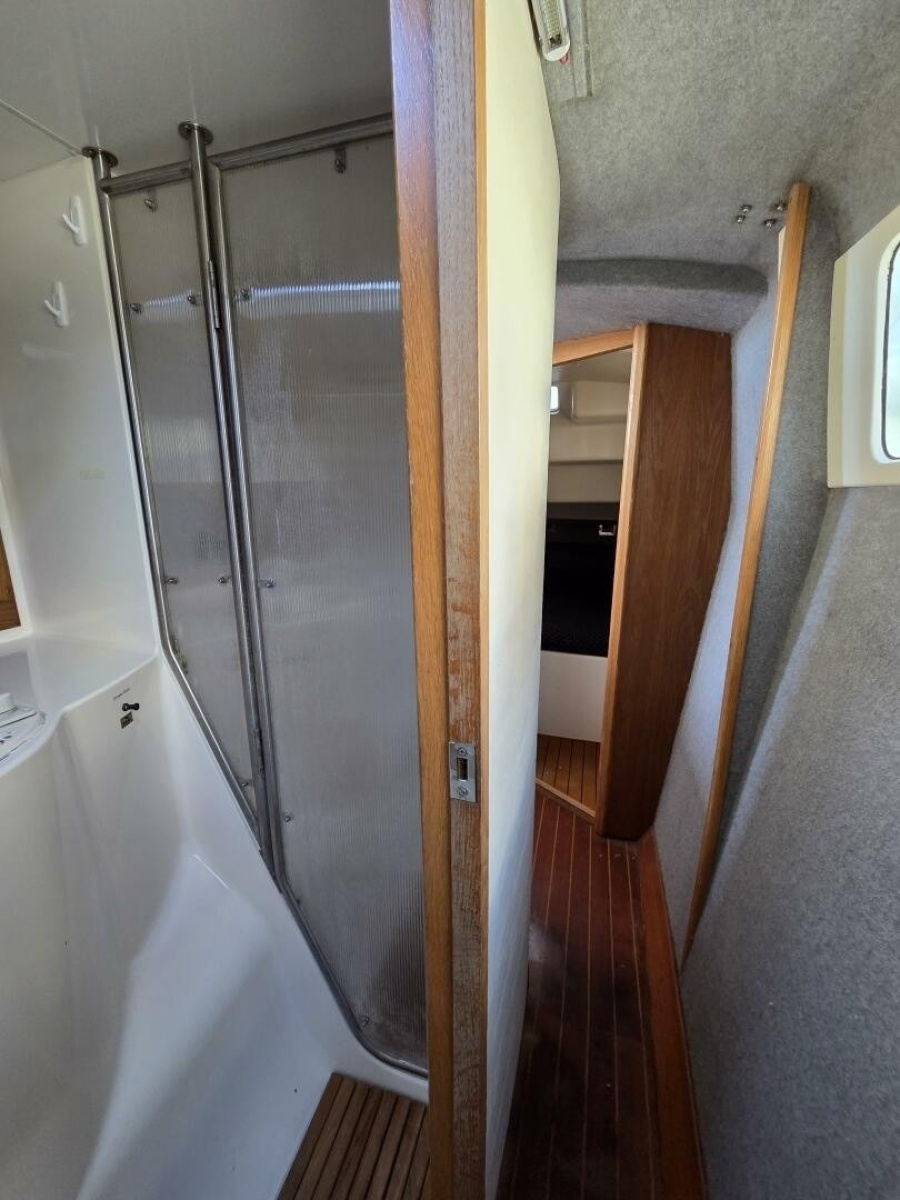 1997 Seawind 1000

◇ ◇ ◇

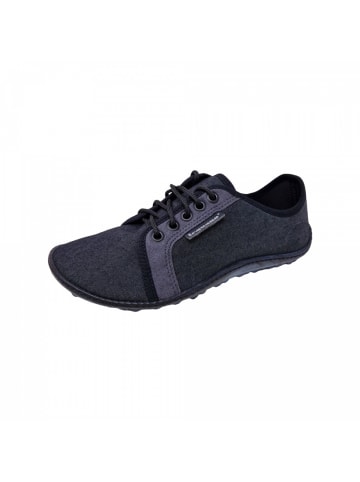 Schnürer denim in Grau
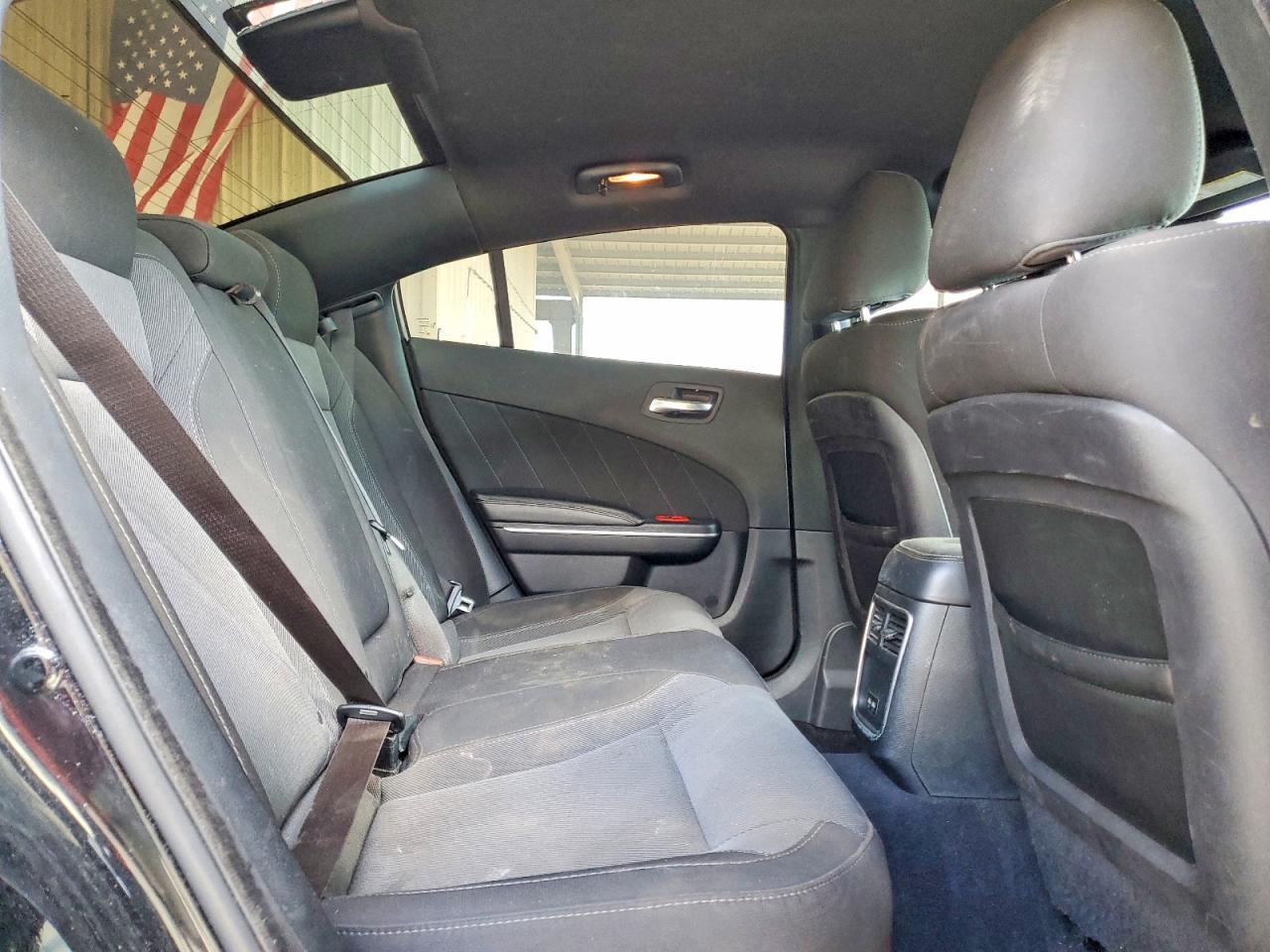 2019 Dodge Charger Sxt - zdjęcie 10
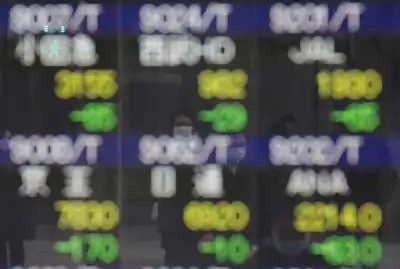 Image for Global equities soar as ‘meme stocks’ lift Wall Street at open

◇ ◇ ◇

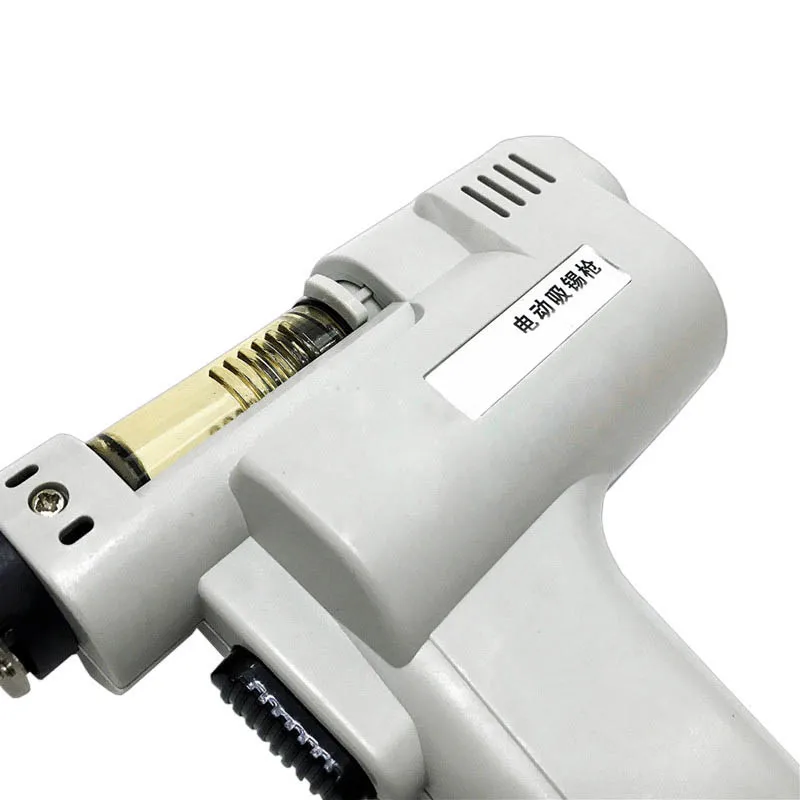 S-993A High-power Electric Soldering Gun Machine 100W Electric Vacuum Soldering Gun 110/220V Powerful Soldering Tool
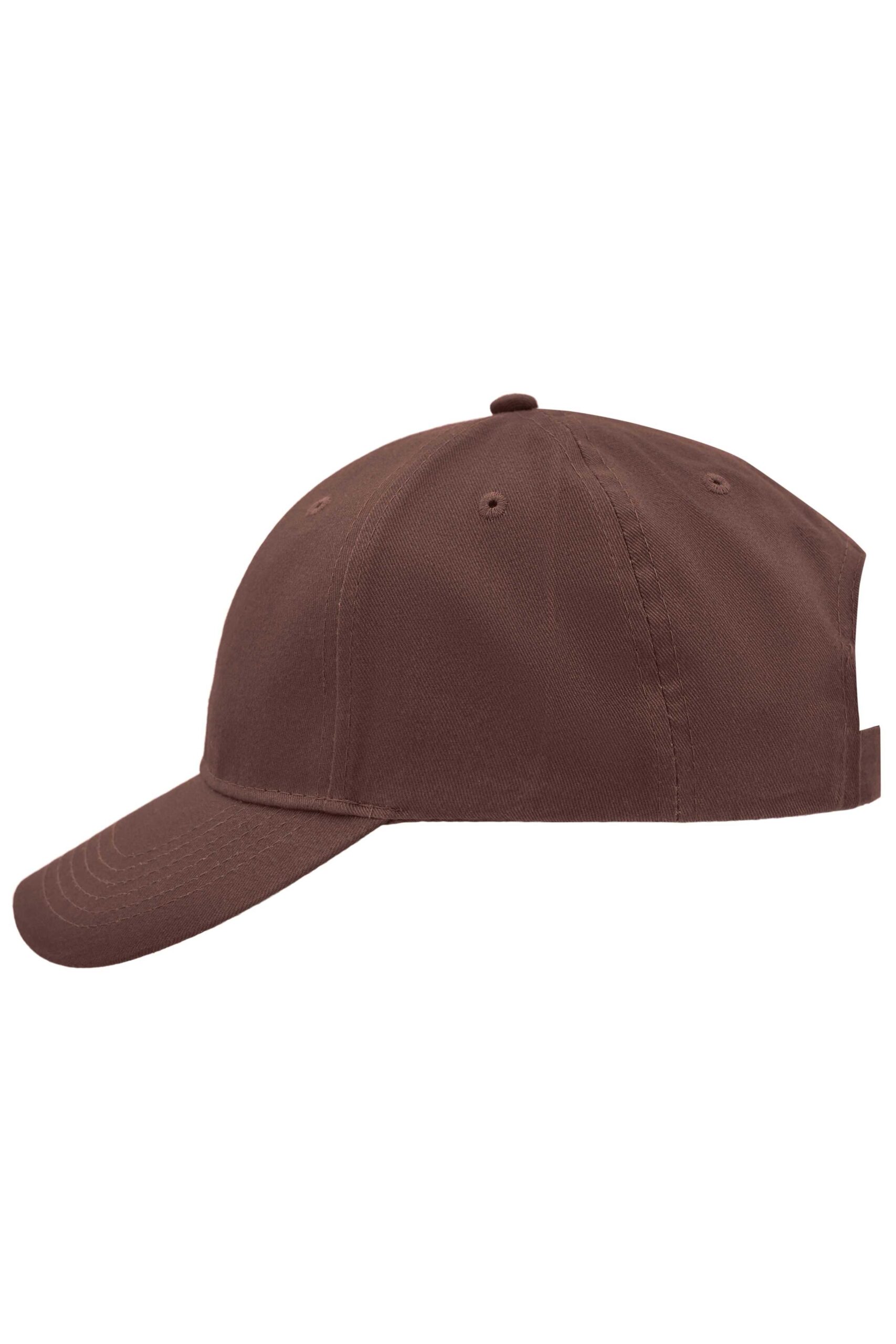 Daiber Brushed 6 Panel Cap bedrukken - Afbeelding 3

◇ ◇ ◇

**Try it:** Excluding any pictures, print exactly the lines of the listing above from the line with "Schnürer denim in Grau" to the line with "Image for Global", both ends included.

**Worked solution:**
 Schnürer denim in Grau
 2019 Dodge Charger Sxt - zdjęcie 10
 Image for Global equities soar as ‘meme stocks’ lift Wall Street at open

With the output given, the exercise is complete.